Four years have passed, but there has been no court decision yet. Rijhu has switched three lawyers in the meanwhile, selling a cow, two buffalos and eight goats in order to afford them.
“I am immersed in debt, despite spending all my agricultural income for the last four years,” he says. “It’s all over for me now.”
Advocate Hemandas Kolhi, who practises at the District Court Mirpurkhas and is also a Sindh High Court Bar Association lawyer for the last 11 years, believes that the scheduled caste Hindu communities of Sindh have no knowledge about the existence of the Sindh Hindus Marriage Act 2016, which later became the Sindh Hindus Marriage (Amendment) Act 2018.
“This is why it has not been truly implemented,” he says. “Moreover, the lawyers are mostly Muslim and do not have a clue about certain sections of this law,” Hemandas says.
“For instance, the lawyers working on Shanti’s case are Muslim. If the case regarding termination of a marriage was filed under the Sindh Hindus Marriage Act, the decision would not have taken more than 75 days. But the suit of Dowry Articles, Maintenance and Dissolution of Marriage against Thanwar has probably been filed under Muslim marriage laws, which is why it is taking forever.”
Although he was not completely sure, Shanti’s father also thinks Shanti’s case was filed under the Muslim laws rather than the Sindh Hindus Marriage Act.
According to Hemandas, the Hindu law addresses many religious and social anomalies which have damaged the lives of thousands of women of Sindh’s scheduled caste Hindu communities for centuries.
“This law states that a couple getting married should be 18 years of age, the pandit who solemnises the marriage should be registered with the union council where the marriage takes place, and a woman can terminate her abusive marriage, and a divorced woman can remarry,” says the advocate.
An anti-caste activist, Sufi Hussain, points out that people are reluctant to leave the dominant patriarchal system, and their ancestral customs and practices. “If the Sindh Hindus Marriage Act 2018 gets implemented, women will ask for their due marital rights, which will be impossible for the men of Hindu castes to accept, because they have dominated women for centuries,” he says.

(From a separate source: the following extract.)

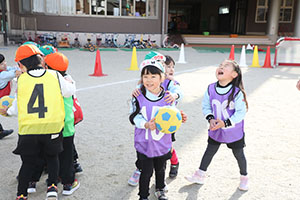 サッカー教室が開かれました　A・E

Hussain believes that the Hindu scheduled caste communities should be prepared for a big social change before implementation of Sindh Hindus Marriage Act 2018. “Once it is implemented, social issues such as domestic violence, forced conversions, dowry, remarriage, forced sex work and the rising suicide rate being faced particularly by Hindu women, will be fixed,” he says.
Chawan Kolhi, a social worker based in village Sobho Kolhi in Badin district, urges immediate government action regarding implementation of this law, as the lives of hundreds of women are in jeopardy because of this inactive law.

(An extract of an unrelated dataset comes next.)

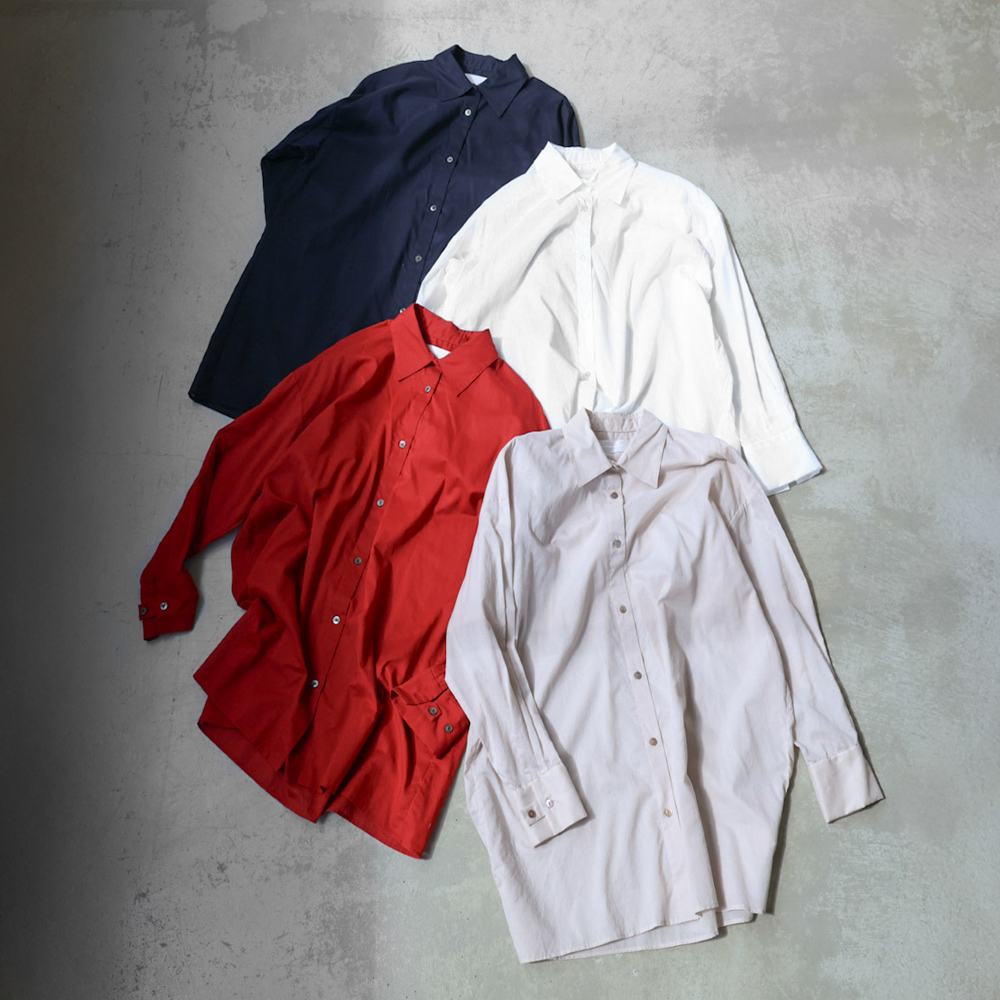 sheer wide shirt | 2025 Autumn & Winter MARMARMAR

“Two girls from two different villages of the Kolhi community in district Badin recently committed suicide during the first half of this year,” he says. “They were verbally divorced by their husbands, and sent back to live with their parents or brothers. In the last two years, there have been five such cases.”
Mai Sonee, Shanti’s mother, remains anxious about her daughter’s tragic life. “I worry that Shanti might try to kill herself,” she admits. “With her marriage ending up in a tragedy, no one wants to marry my other four daughters.”

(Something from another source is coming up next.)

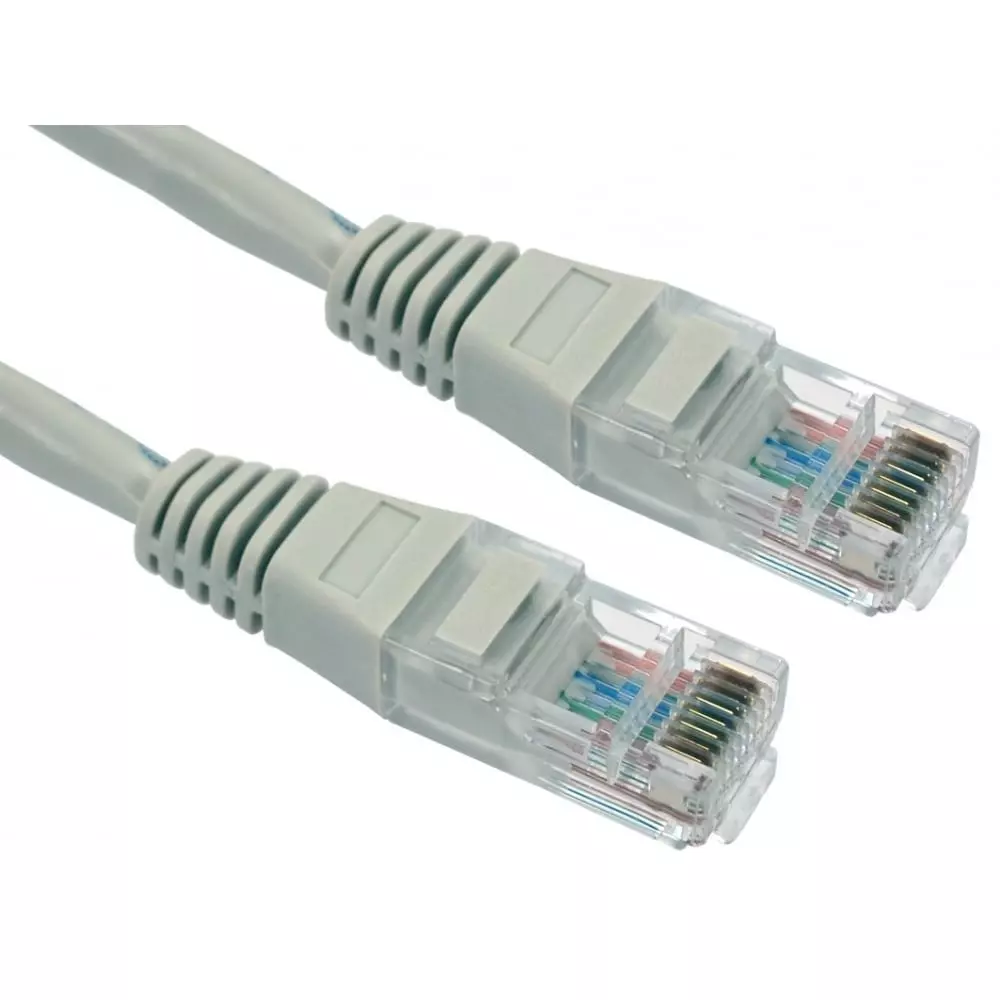 RS PRO Ethernet Cable Polyvinyl Chloride 1 m Length Grey, 2863418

Last year, Thanwar married a girl of his choice, for which neither Shanti’s permission nor a divorce deed was sought. Meanwhile, even if Shanti receives her official notice of divorce, she cannot remarry because, as her mother says, “According to Hindu customs, no one marries a divorced girl.”
“I have to spend the rest of my life here in this dark hut, alone till my last breath,” says a despondent Shanti, staring into space.